After he moved to Malmo with his wife and five children in February 2017, Hacohen started an organization called “Amanah: The Muslim and Jewish Trust and Faith Project,” co-directed by himself and local imam Salahuddin Barakat. The name was not chosen by chance: amanah is a word whose root belongs to both Hebrew, with a main connotation of faith, and Arabic, meaning trust.
One of the main efforts of Hacohen and Barakat is speaking in schools.
“The schools are either 95 percent Muslim or have very few Muslim students. The segregation itself shows the problem: If people with different backgrounds do not interact, there is no opportunity for mutual knowledge,” said Hacohen.
Hacohen, who is pursuing a PhD in Jewish Thought at the University of Haifa, is originally from Tekoa, an Israeli settlement in the West Bank, where he was heavily involved in dialogue with the Palestinians, following the path of peace-seeking Rabbi Menachem Froman.
He acknowledges that his presence can be trying for the Muslim students.

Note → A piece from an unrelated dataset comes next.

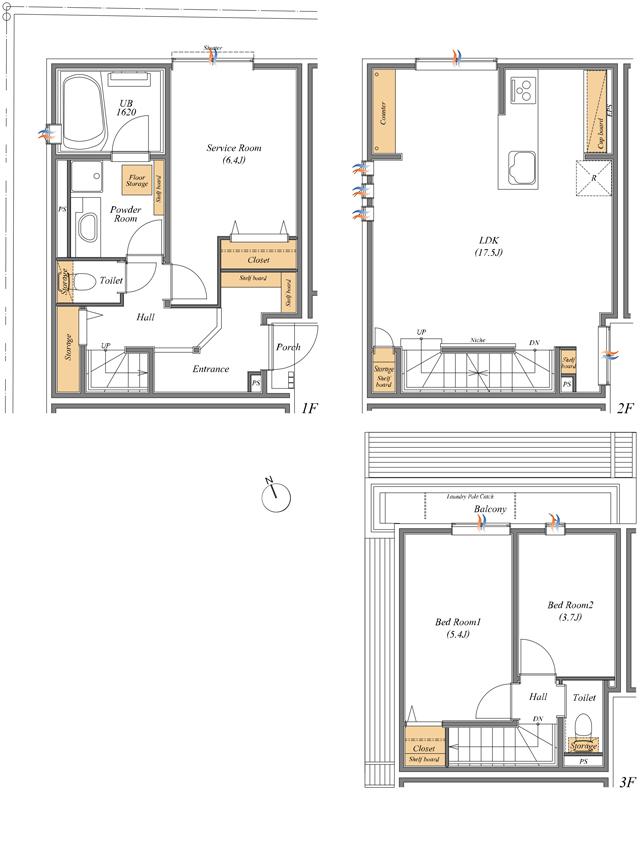 リムテラス新宿PREMIUMの間取り図　102：2LDK＋S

Their portrayal of Jews as pro-Israel, and therefore occupiers, and therefore a legitimate target for an attack, is not acceptable
“It is very important for me that they feel appreciated for their religious identity, but I am also there to challenge them,” said Hacohen. “For example, on the Palestinian issue, I try to make them understand that their portrayal of Jews as pro-Israel, and therefore occupiers, and therefore a legitimate target for an attack, is not acceptable.”
In schools where the population is largely of Swedish origin, the conversation is different.
“We focus on how the Swedish society needs to open up to the fact that some people have an identity which is important for them to show in the public sphere, something generally not considered acceptable here,” Hacohen explained.
Amanah also organizes a beit midrash/madrassa (study hall in Hebrew and Arabic) every two months, delving into religious texts of both faiths on issues of mutual interest, such as the biblical episode of the binding of Isaac (or Ishmael according to the Muslim read), ritual slaughter, and circumcision.
“The beit midrash for me is a dream: 80 people learning together, men, women, religious, secular, half of them Muslim and half Jewish. People from both sides arrived skeptical about sitting in a room with the other, but they are slowly changing their attitude and the number of participants is growing,” Hacohen said.
The rabbi also emphasizes that he and Barakat make a point in speaking up about cases of anti-Semitism or Islamophobia, and they are already witnessing the first fruits of their efforts.
“For example, when during a pro-Palestinian rally few months ago, the protesters shouted chants about shooting the Jews, the leaders of pro-Palestinian movements themselves visited the synagogue and put out a statement of condemnation,” Hacohen recalled.
The goal of Amanah goes beyond achieving better knowledge and understanding between the Jews and the Muslims in Sweden.
“We want to create a better civil society for everyone,” Hacohen concluded. “If we succeed, the city of Malmo could show the way for a viable future in Europe. Because we will prove that if something like this can be done in Malmo, it can be done anywhere else.”